Case 2: Sub-channel quantization, with unranked input

When dealing with unranked tensors in quantization, a common strategy, as presented in RFC: improvements in the quant dialect, involves reshaping the input into a tensor with a known rank allowing for easier alignment with the quantization parameters. In our case, we flatten the input into an N-dimensional tensor, where N is calculated as 2 * size(quantization_dimensions) + 1. This reshaping allows us to align the tensor dimensions with the quantization parameters, enabling efficient element-wise quantization using linalg.generic. Crucially, we construct affine maps that precisely navigate the reshaped tensor and select the correct scale and zero point for each sub-channel.
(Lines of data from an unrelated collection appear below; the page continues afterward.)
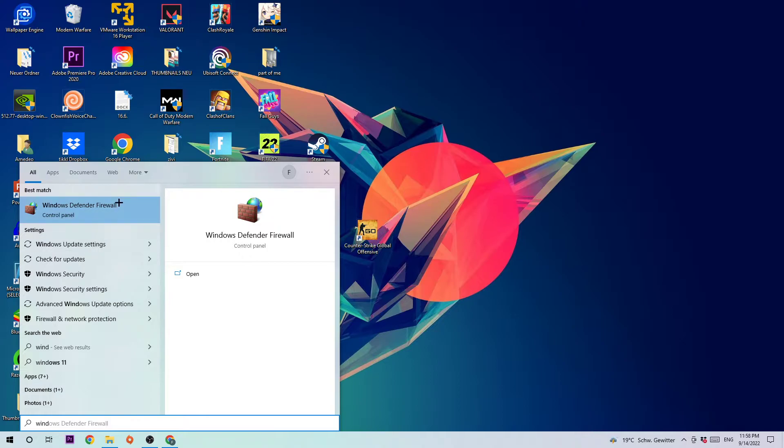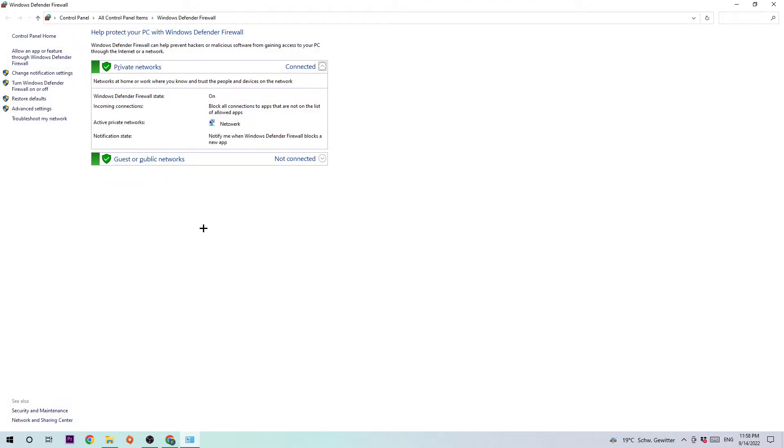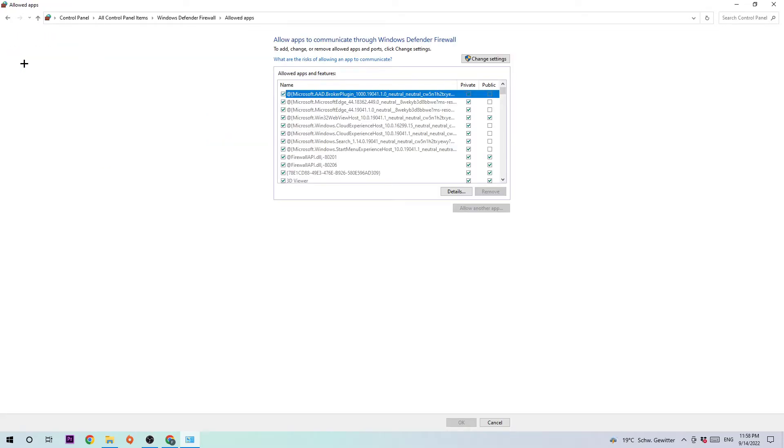Once this tab pops up, simply left click or hit enter. Once this window pops up, navigate to the top left corner of your screen and click on the second link where it says allow another app or feature for Windows Defender Firewall.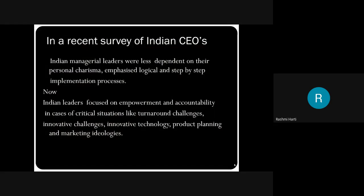Moving on to a recent survey of Indian CEOs — Indian managerial leaders were less dependent on their personal cherishment. They did not give too much importance to personal looks, cherishment, smile, or the aura being built. Apart from that, they were also less dependent on emphasized logical thinking, and step-by-step implementation of the process was also somewhat lacking. That was the study conducted — these were the lacking things identified in Indian managers.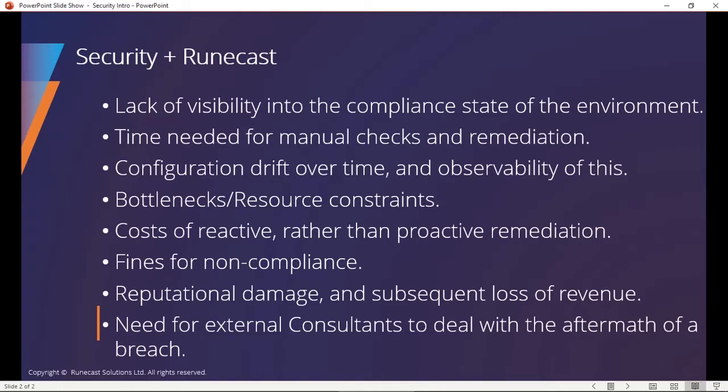Lack of visibility into the compliance state, time needed for manual checks and remediation. We always have other things that we need to do. Security is something we don't generally follow up on proactively as much. Over time we get configuration drift. We get changes in the configuration software that we're running, hardware that we're running upon, and different types of things. So over time things change and we find ourselves in a vulnerable state, outdated patches and those types of things.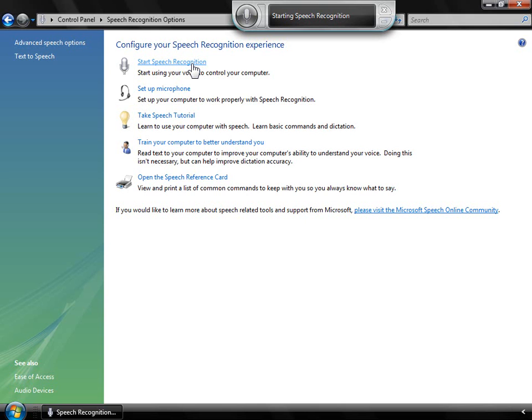You can see the program opens in the top of the screen. This can be moved or minimized as well. To begin using it, simply say, Start Listening.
Finally, we reshape the quantized tensor back to its original form.

  • Input mlir
// Note that the scales/zero-points shape is defined, which essentially
// puts upper bounds on the potential sizes of tensor dimensions 1 and 3 as
// dim(arg0, 1) = block-size at axis-1 * dim(scales,1) =  4, and
// dim(arg0, 3) = block-size at axis-1 * dim(scales,3) =  4
!qalias = !quant.uniform<i8<-128:127>:f32:{1:2, 3:2},  {{1.0:1, 2.0:2}, {3.0:3, 4.0:4}}>
func.func @f(%arg0: tensor<*xf32>) -> tensor<*x!qalias> {
  %0 = "quant.qcast"(%arg0) : (tensor<*xf32>) -> tensor<*x!qalias>
  return %0 : tensor<*x!qalias>
}
  • Output mlir
!qalias = !quant.uniform<i8<-128:127>:f32:{1:2, 3:2}, {1.0:1, 2.0:2, 3.0:3, 4.0:4}>
#map = affine_map<(d0, d1, d2, d3, d4) -> (d0, d1, d2, d3)>
#map1 = affine_map<(d0, d1, d2, d3, d4) -> (0, d1 floordiv 2, 0, d3 floordiv 2, 0)>

func.func @f(%arg0: tensor<*xf32>) -> tensor<*x!qalias> {

// Save shape of original unranked tensor
%0 = shape.shape_of %arg0 : tensor<*xf32> -> tensor<?xindex>

// Calculate tensor size on the left of axis-1, mid of axis 1 and 3, and right of axis-3
%c0 = arith.constant 0 : index
%c1 = arith.constant 1 : index
%c2 = arith.constant 2 : index
%c3 = arith.constant 3 : index
%c4 = arith.constant 4 : index
%left_of_axis_1, %ignore1 = "shape.split_at"(%0, %c1) : (tensor<?xindex>, index) -> (tensor<?xindex>, tensor<?xindex>)
%ignore2, %right_of_axis1 = "shape.split_at"(%0, %c2) : (tensor<?xindex>, index) -> (tensor<?xindex>, tensor<?xindex>)
%mid_of_axes_1_3, %ignore3 = "shape.split_at"(%right_of_axis1, %c3) : (tensor<?xindex>, index) -> (tensor<?xindex>, tensor<?xindex>) 
%ignore4, %right_of_axis3= "shape.split_at"(%0, %c4) : (tensor<?xindex>, index) -> (tensor<?xindex>, tensor<?xindex>) 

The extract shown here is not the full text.